Dataset content:

-*-

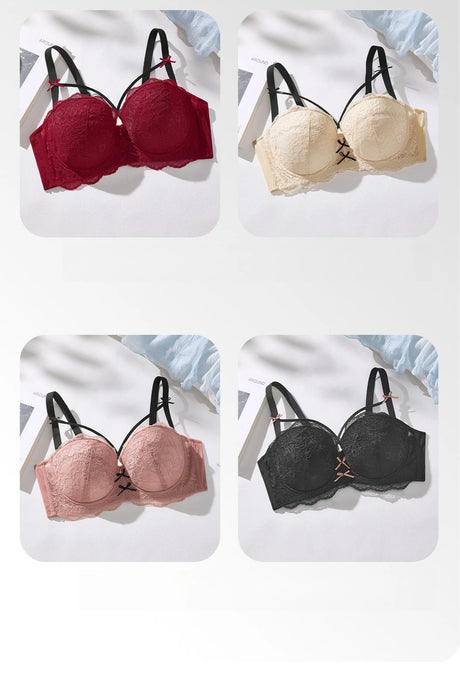 Half Cup Hot Bra for women Gathered Bowknot Brassiere Large Size Push Up Lace Tube Top Lace Big Chest Revealing Small Lace Bra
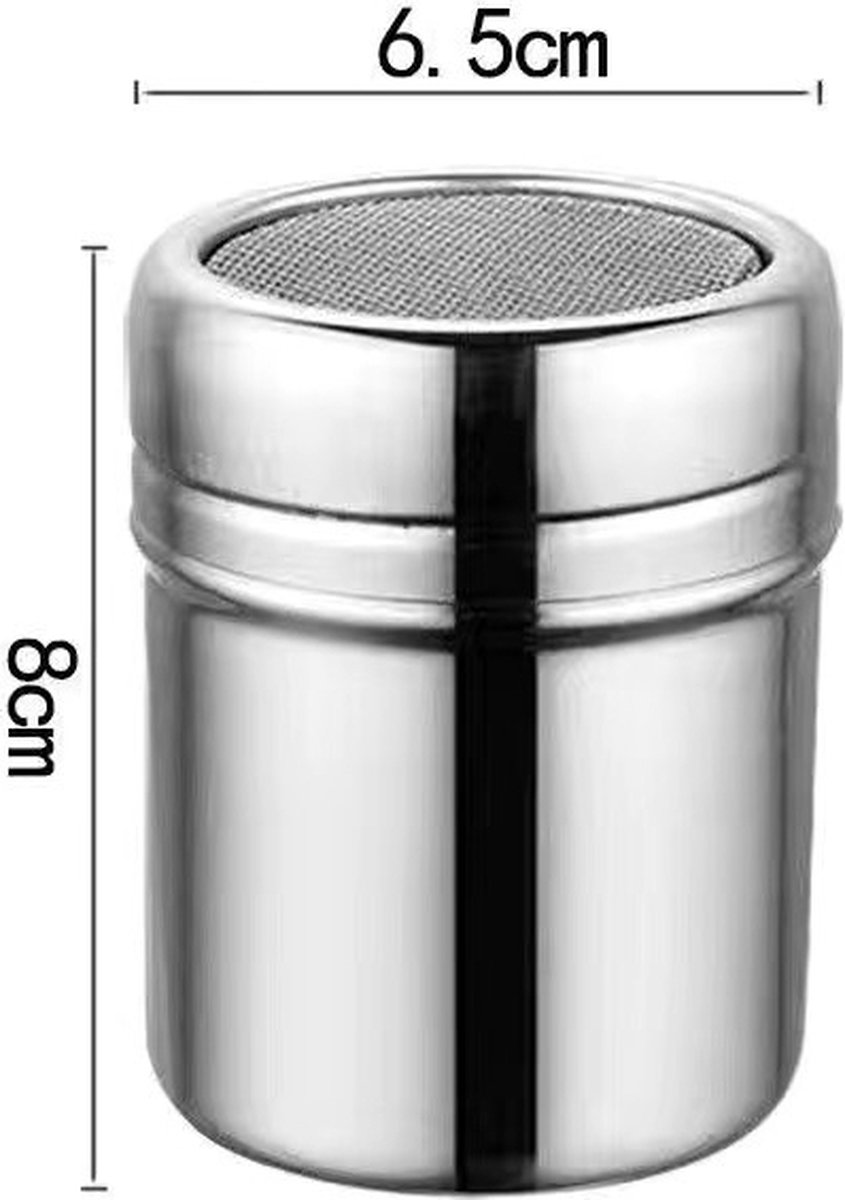 Pulverstreuer Mit Feinem Sieb – 3-teilig – 6,5 X 8 Cm – Sieb – Kakaostreuer – Puderzuckerstreuer – Cappuccino-set Aus Edelstahl – Barista-zubehör – Streuer – Puderzuckerstreuer – Zimtstreuer – Feinmas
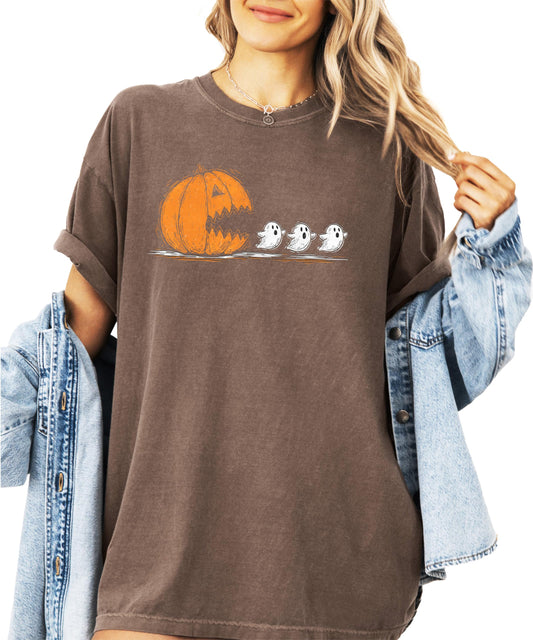 Pumpkin Ghost Fall Season Shirt for Women & Teens Funny Halloween Tee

-*-

Assigned task: Where a picture appears, skip it and copy the rest of the data word for word.

Output of the task:
 Half Cup Hot Bra for women Gathered Bowknot Brassiere Large Size Push Up Lace Tube Top Lace Big Chest Revealing Small Lace Bra
 Pulverstreuer Mit Feinem Sieb – 3-teilig – 6,5 X 8 Cm – Sieb – Kakaostreuer – Puderzuckerstreuer – Cappuccino-set Aus Edelstahl – Barista-zubehör – Streuer – Puderzuckerstreuer – Zimtstreuer – Feinmas
 Pumpkin Ghost Fall Season Shirt for Women & Teens Funny Halloween Tee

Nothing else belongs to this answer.